Every thing which may pass under the
form of an enactment is not therefore to be considered the law of the
land. If this were so, acts of attainder, bills of pains and penalties,
acts of confiscation, acts reversing judgments, and acts directly
transferring one man's estate to another, legislative judgments,
decrees, and forfeitures in all possible forms, would be the law of the
land.
Such a strange construction would render constitutional provisions of
the highest importance completely inoperative and void. It would tend
directly to establish the union of all powers in the legislature. There
would be no general, permanent law for courts to administer or men to
live under. The administration of justice would be an empty form, an
idle ceremony. Judges would sit to execute legislative judgments and
decrees; not to declare the law or to administer the justice of the
country. "Is that the law of the land," said Mr.
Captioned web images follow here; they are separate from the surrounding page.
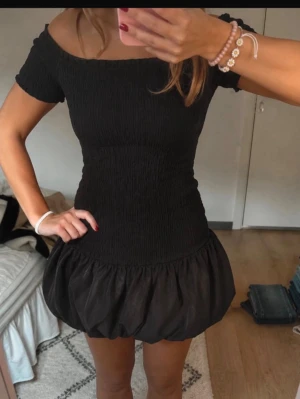 Svart kort offshoulder klänning - !!den är i stl L men jag brukar ha stl xs-s, så skulle säga att den passar vem som!! Trendig svart kort klänning med offshoulder-design och puffig ballongkjol. Överdelen är smockad och sitter tight mot kroppen medan kjolen har volym. Perfekt för dig som vill ha en unik och snygg look. 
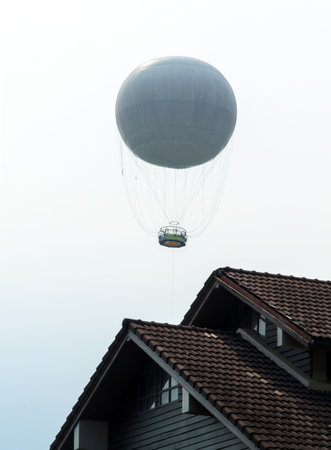A hot air balloon floats above the roof.の写真素材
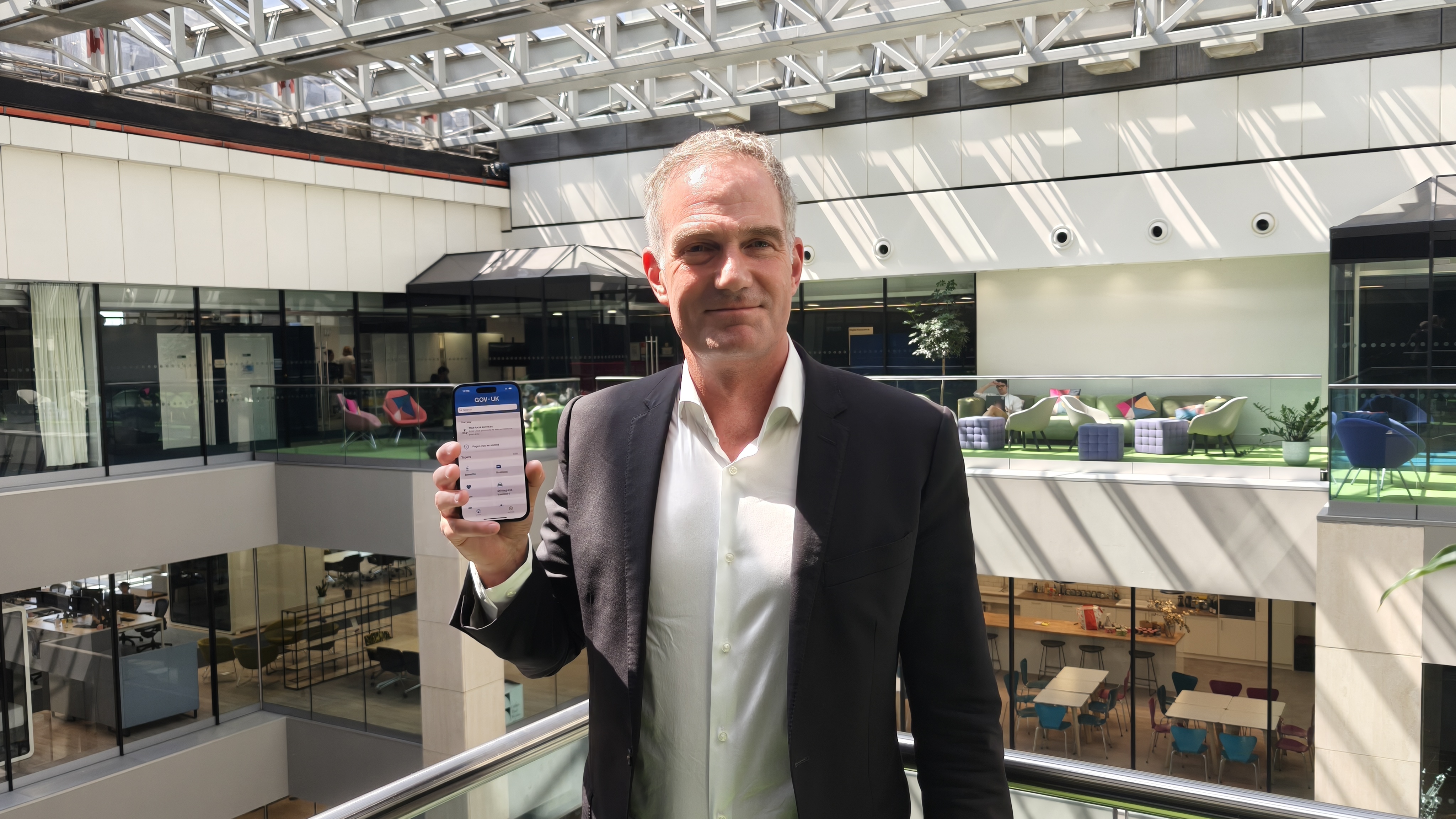 Technology secretary Peter Kyle holding an iPhone running the Gov.uk app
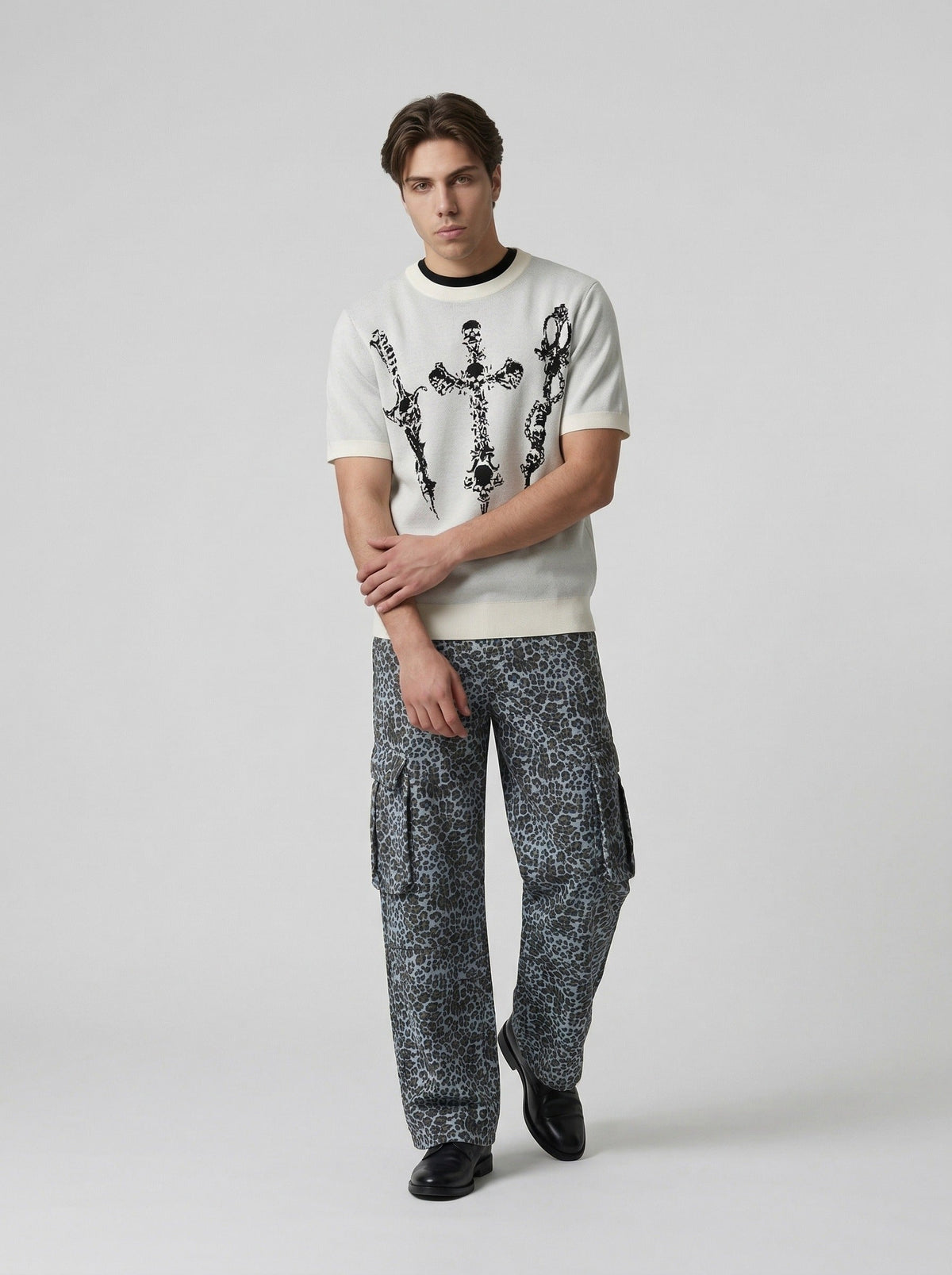 DAXUEN Gothic skull dagger graphic short-sleeve knit top — model photo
Burke, "upon which, if
a man go to Westminster Hall, and ask counsel by what title or tenure he
holds his privilege or estate _according to the law of the land_, he
should be told, that the law of the land is not yet known; that no
decision or decree has been made in his case; that when a decree shall
be passed, he will then know _what the law of the land is_? Will this be
said to be the law of the land, by any lawyer who has a rag of a gown
left upon his back, or a wig with one tie upon his head?"
That the power of electing and appointing the officers of this college
is not only a right of the trustees as a corporation, generally, and in
the aggregate, but that each individual trustee has also his own
individual franchise in such right of election and appointment, is
according to the language of all the authorities.